RECLAMO DE ITALIA POR LA PERIODISTA REHÉN
Mientras el gobierno italiano redoblaba ayer sus esfuerzos para tratar de liberar a la periodista Giuliana Sgrena, secuestrada anteayer en Bagdad, el canciller Gianfranco Fini llamó a la cadena de televisión árabe Al-Jazeera para manifestar que la rehén “es una amiga” de la población de Irak.
“Estamos haciendo todo lo posible para liberarla pronto”, añadió Fini.

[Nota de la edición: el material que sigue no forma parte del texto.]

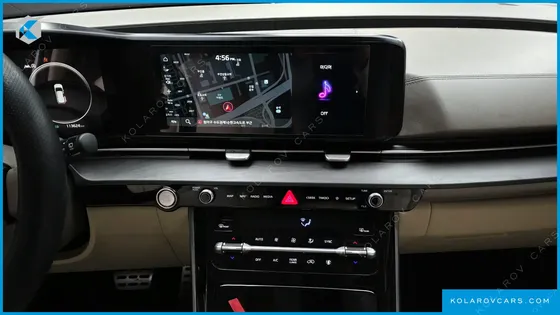 KIA CARNIVAL DIESEL 9-SEATER SIGNATURE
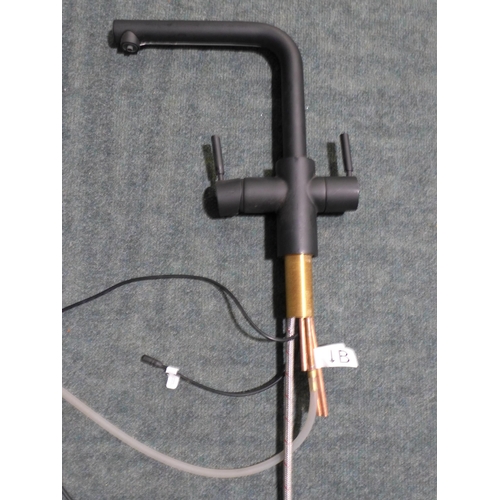 3095 - Insinkerator Black Hot Water Tap * This Lot Is Subject To Vat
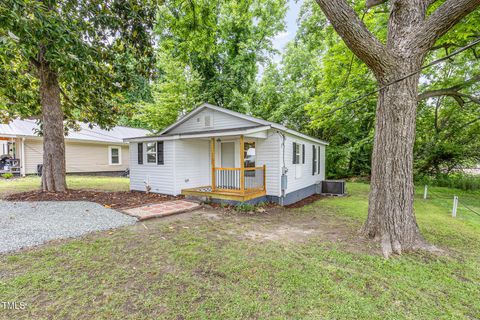 121 Lena Court Burlington NC 27217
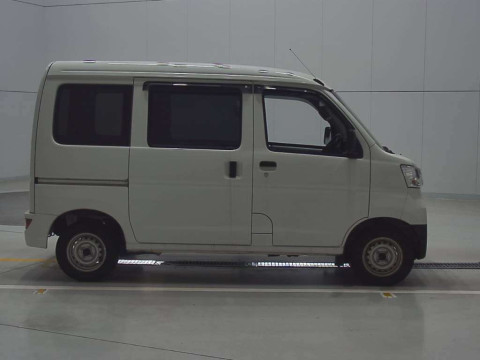 2020 Daihatsu Hijet Cargo S321V[2]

El padre de la periodista, Franco Sgrena, se dirigió también a los captores de su hija. “Siempre estuvo [Giuliana] contra la guerra y por la paz. Los exhorto a que la liberen”, afirmó.
Ayer, en otra jornada de violencia que dejó 19 muertos, existían dudas acerca de las informaciones sobre el grupo islámico que retiene a la periodista de 57 años, que trabaja para el diario romano Il Manifesto. La televisión italiana informó que Barbara Schiavulli, otra periodista italiana que se encuentra en Bagdad y que comparte la habitación con Sgrena, había recibido ayer una llamada desde el teléfono móvil de la secuestrada, pero tan sólo se oía música árabe.
Unos desconocidos se llevaron el viernes por la fuerza a la periodista cuando se encontraba en el barrio universitario de Bagdad. Horas más tarde, la cadena de televisión árabe Al-Jazeera informó que un grupo islámico había asumido la autoría del secuestro y que pedía la retirada de los soldados italianos del país en un plazo de 72 horas. El grupo, hasta ahora desconocido, se hace llamar Organización de la Jihad Islámica. El gobierno italiano ha expresado sus dudas sobre la existencia de esta organización, pero cree que detrás del secuestro habría radicales sunnitas.
Ayer, el Consejo de los Ulema de Irak pidió la liberación de la periodista, al afirmar que “sus secuestradores deben ser claros sobre sus verdaderos enemigos, que son los estadounidenses y no esta mujer”, dijo el jeque Ahmad Abdul Ghaffur Samarrai, imán de la mezquita de Um al-Marek.
“Los raptores deben tener una actitud positiva. Esta periodista no es una enemiga, vino a Irak para escribir sobre los estadounidenses y el sufrimiento de nuestra gente de Fallujah bajo ocupación norteamericana”, agregó el imán, cuya mezquita se encuentra en el barrio de Ghazaliya, en el oeste de Bagdad.
El intérprete y el chofer de Sgrena fueron nuevamente interrogados ayer sobre el secuestro.